特別受益を考慮せずに、残った相続財産のみを法定相続分に応じて相続人同士で分けてしまうと、当然遺産の相続額に大きな偏りができ、公平とは言えません。
民法では特別受益にあたる生前贈与があった場合、その額をすでに相続したものとして考えるのです。
また、相続開始時に被相続人が持っていた相続財産額に、特別受益にあたる生前贈与を加算した額をみなし相続財産とします。
このみなし相続財産をもとに、遺産分割することによって、公平な相続ができるように定めているのです。
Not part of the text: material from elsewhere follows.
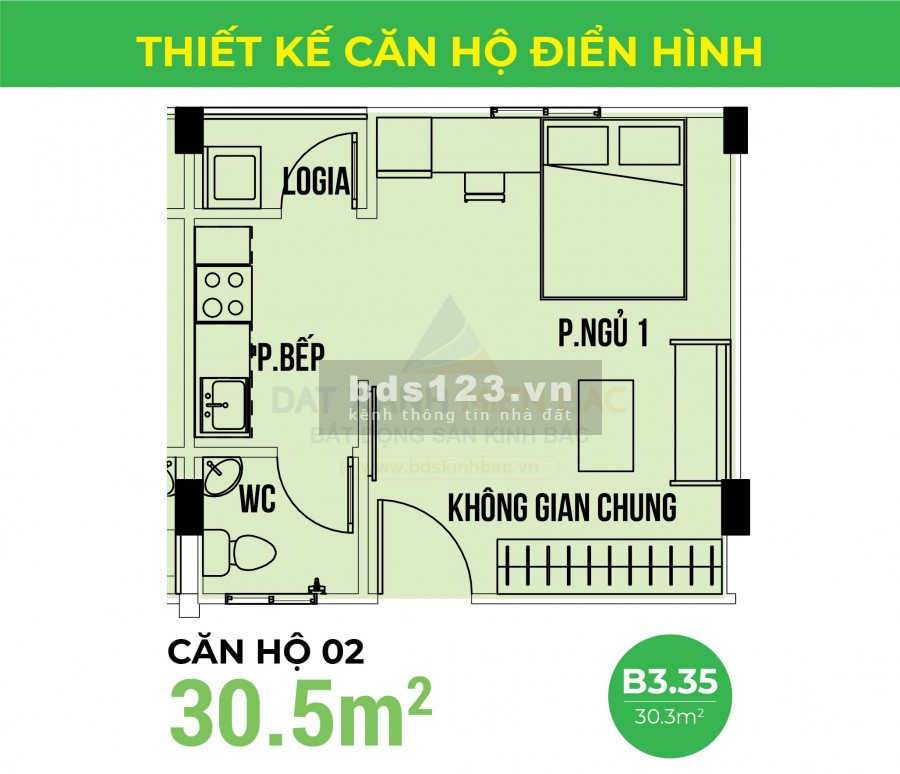 Chung cư Bắc Kỳ 1 ngủ view cảnh quan liên hệ 0833.58.2222, giá tốt nhất thị trường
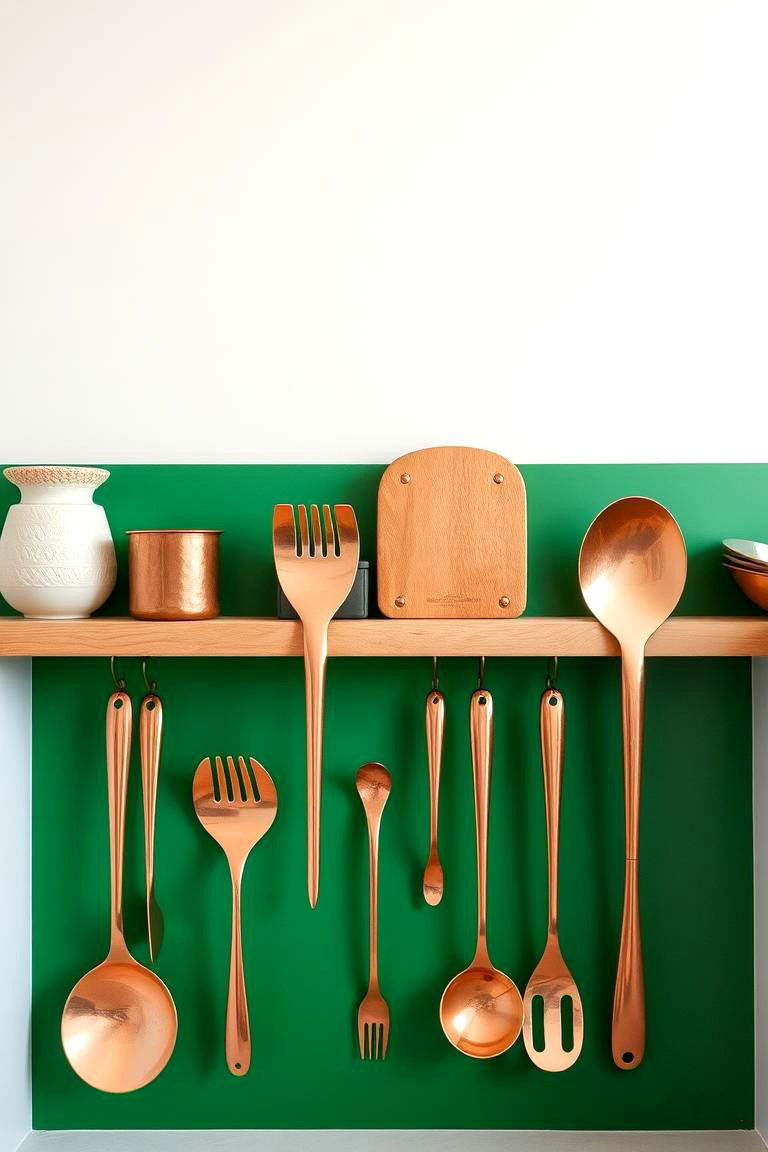 Artful Copper Utensils Arranged on Green Displays - 24 Green and Copper Kitchen Ideas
不動産をはじめとした遺産相続に関わってくる特別受益には、さまざまな種類があります。
まず、生前贈与に含まれる特別受益です。
生前贈与のすべてが特別受益にあたるわけではありません。
生前贈与のうち特別受益に該当するのは、婚姻や養子縁組または生計の資本のための贈与です。
婚姻や養子縁組のための贈与には、婚姻および養子縁組の際の持参金や支度金が含まれますが、結納金や結婚式の費用は該当しないとされています。
しかし、その定義はあいまいな部分が多く、遺産の前渡しと言えるかどうかが判断の鍵です。
次に、遺言書により特定の相続人が遺産を譲渡される遺贈が特別受益にあたります。
また、贈与者が生前に、「自分が死んだらあなたに遺産を贈与します」と特定の人物と契約していた場合、死因贈与となります。
死因贈与は贈与者と受贈者双方の合意があれば成立可能です。
この受贈者が相続人であった場合、特別受益となるのです。
一方で生命保険金や死亡退職金、生前に渡されていた生活費や日常的な教育費、小遣いなどの少額の贈与は基本的に特別受益には該当しないとされています。
ですが、生命保険によって得られる金額が極めて高額な場合などは、生命保険が特別受益とみなされる場合もあります。